NSW updates swimming pool regulations: with new laws and changes happening quite often across states, there are various nuances, case to case exceptions and specifications. Your strata managers will be able to clarify them for you, so make sure to connect with them if you have specific questions. For more information, click here to visit the government’s website.To ensure your strata property remains compliant and so you’re on top of the changes, here are some key points to take note of:
- How should your swimming pool be built?
- What are some of the mandatory safety measures?
- Do you need to register your pools with the authorities?
- Do you need to pay for pool inspections and certifications?
- How long are the certificates of compliance valid?
- When is a certificate of non-compliance issued?
- Can there be any exemptions to building barriers around your pool?
- Can you be denied an exemption?
How should your swimming pool be built?
NSW updates to swimming pool regulations require swimming pools needing to be constructed in compliance with the Building Code of Australia. You need to build, install and regularly maintain adequate barriers and safety structures around your swimming pools. Every doorway, window and entry point needs to be built as mandated by the Building Code of Australia.
What are some of the mandatory safety measures?
Your pool needs to child safe, with locked gates and barriers. There must be clear warning notices and helpful information displayed around it, visible from at least three metres away. It’s important to spell out and display warnings such as “Children must be actively supervised when using the swimming pool” or “Pool gates need to be closed at all times”.
Do you need to register your pools with the authorities?
Yes, you do. While registering, you will need to mention details regarding the type of pool constructed. Is it an outdoor or indoor pool? Is it built above or below ground? Is it a spa pool? You will also need to provide details of your address specifying the premises where the pool has been built – whether it’s a residential unit, a strata managed property, a multi-lot property, a tourist resort, and so on.

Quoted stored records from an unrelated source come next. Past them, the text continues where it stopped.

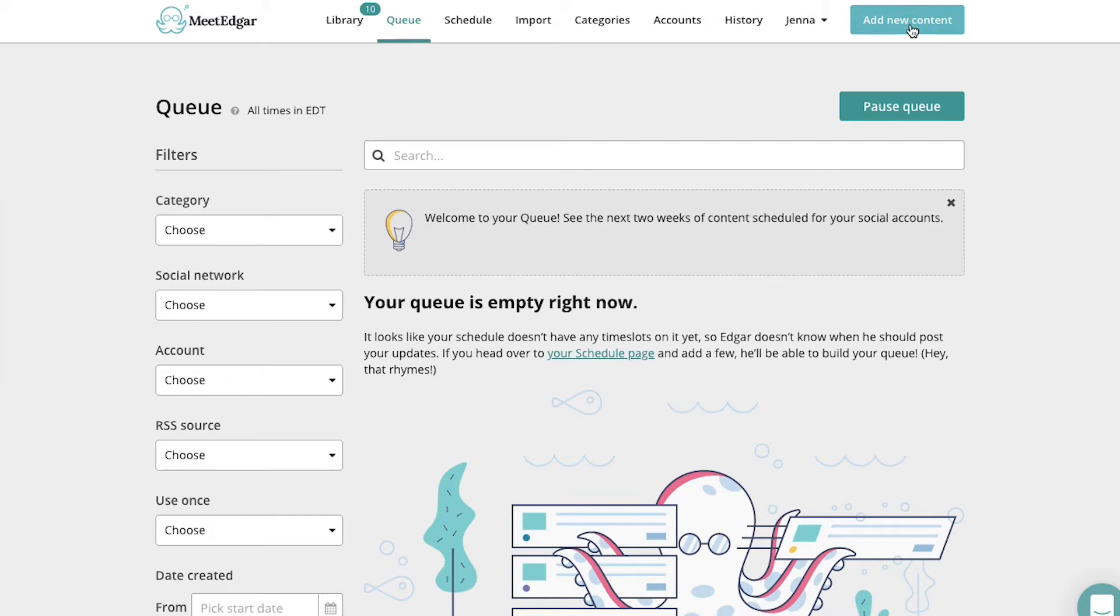First, let's go through how to add content manually to Edgar. From the dashboard, click the add new content button.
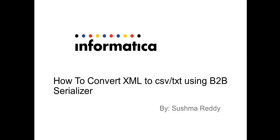Hello and welcome to Informatica support videos. My name is Sushma. Today we'll see a video which involves the steps on how to convert an XML file to a CSV or text format using a B2B serializer.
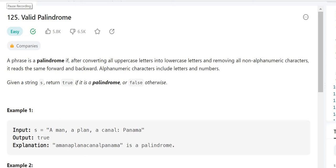Hello guys, myself Amrita, welcome back to our channel TechnoSage. In today's video we are going to discuss problem number 125, that is Valid Palindrome. Let's get started — let's first understand the problem.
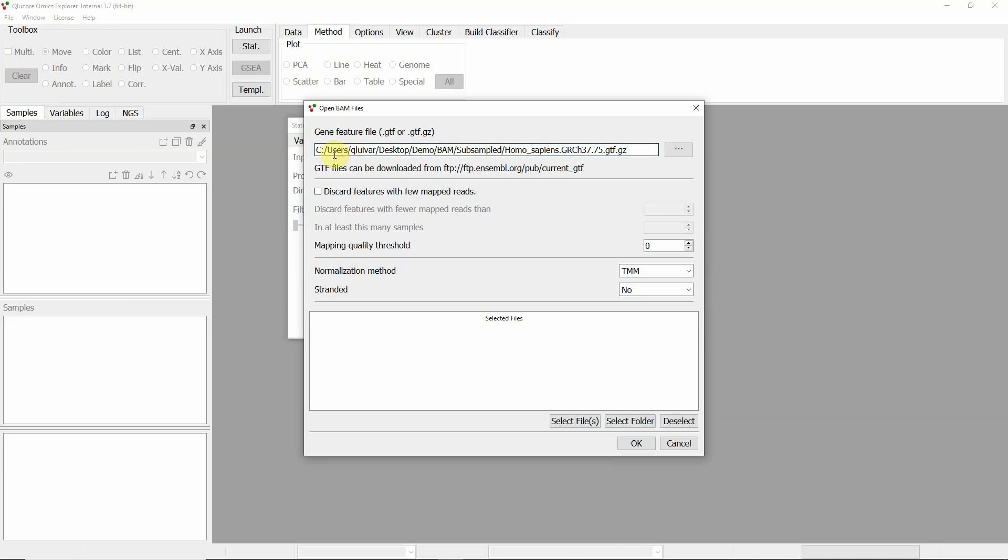The options to choose are based on your experiment and your study objectives. For this example, we decide to not discard any features.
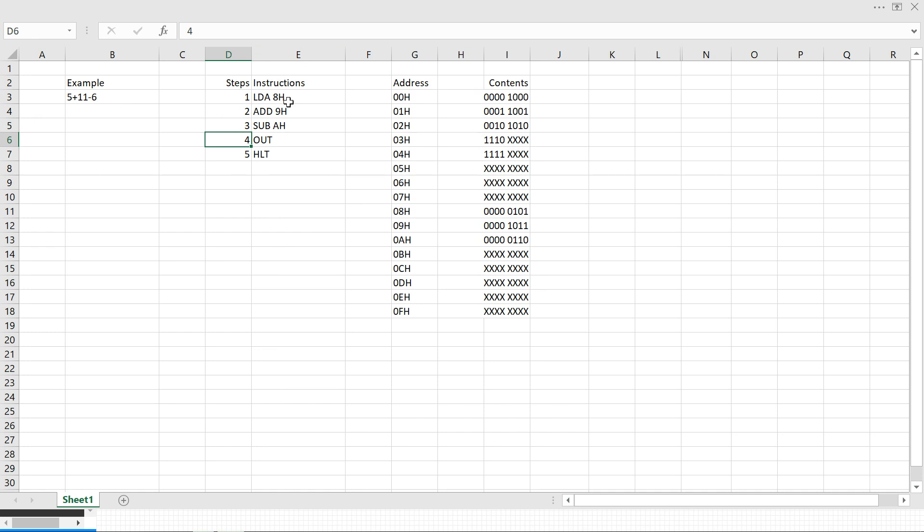These cycles are named T1, T2, T3, T4, T5, and T6, and I'll be showing them to you now on CircuitVerse.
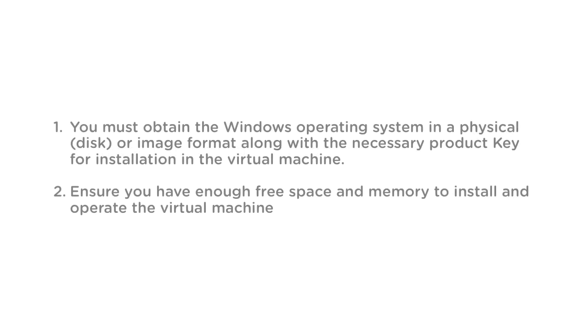Before proceeding with the installation, make sure you meet the following requirements. You must obtain the Windows Operating System in a physical disk or image format along with the necessary product key for installation in the virtual machine.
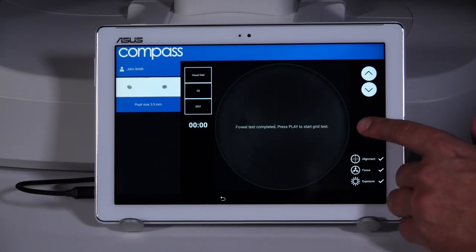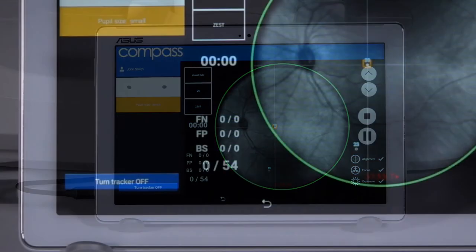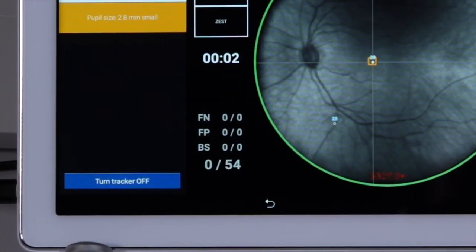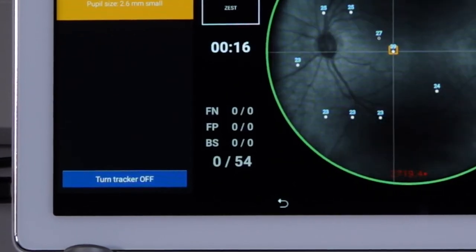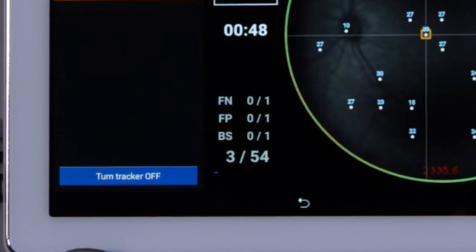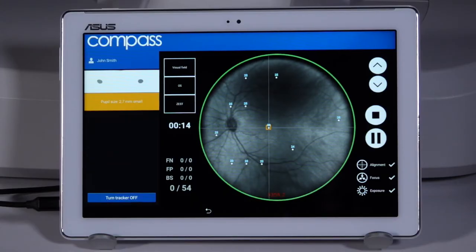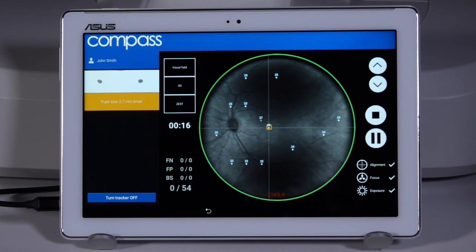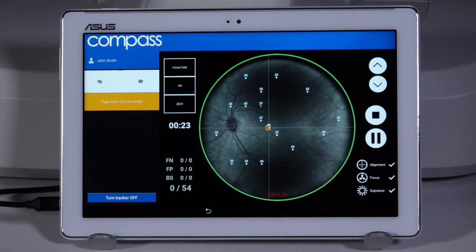The visual field pattern will now be presented. During the test, the results can be monitored to ensure the highest quality by reviewing the false negative, false positive, and blind spot responses as they occur. The green circle surrounding the live infrared image ensures the compass is compensating for fixation losses and adjusting the projection of the pattern.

If you’re living in a strata property, your committee or manager will take care of these details on your behalf. Regular inspections and compliance checks will need to be scheduled to ensure your swimming pools are well maintained and continue to meet the safety criteria outlined by the Building Code of Australia.
Do you need to pay for pool inspections and certifications?
Yes, you will need to pay for the inspections. For strata properties, the levies should cover these fees.
How long are the certificates of compliance valid?
They will be valid for a period of 3 years from the date of issue. To get a new certificate of compliance you need to reapply for one and will be issued one only after due inspection of your pool. You will also need to pay the fee as per the new certificate being issued.
When is a certificate of non-compliance issued?
If your swimming pools fail to comply with regulations, safety measures or registration requirements after an inspection, you will be issued a certificate of non-compliance by the inspecting authority. In case of non-compliance, a certification of non-compliance will also be provided by the local inspecting authority and entered on the register.
In some strata managed properties or community schemes comprising more than two lots, this does not apply. A certificate of non-compliance is not issued for a swimming pool on common property per the Strata Schemes Management Act 2015. This also covers any association property in a community scheme according to the Community Land Development Act 1989.
Can there be any exemptions to building barriers around your pool?
You may apply for exemptions from building barriers around your pool. These exemptions need to be granted by local authorities only after you submit the proper applications, pay the required fees and justify the circumstances.
Can you be denied an exemption?
Yes, your application may be denied by the local authority if it fails to meet all the safety and compliance checks or if the fees are not paid. They may apply further conditions before granting an exemption. If your application for exemption is denied or modified, they inspecting authority will provide reasons for doing so. They will also issue certificates for compliance or non-compliance if your pool does not meet the criteria.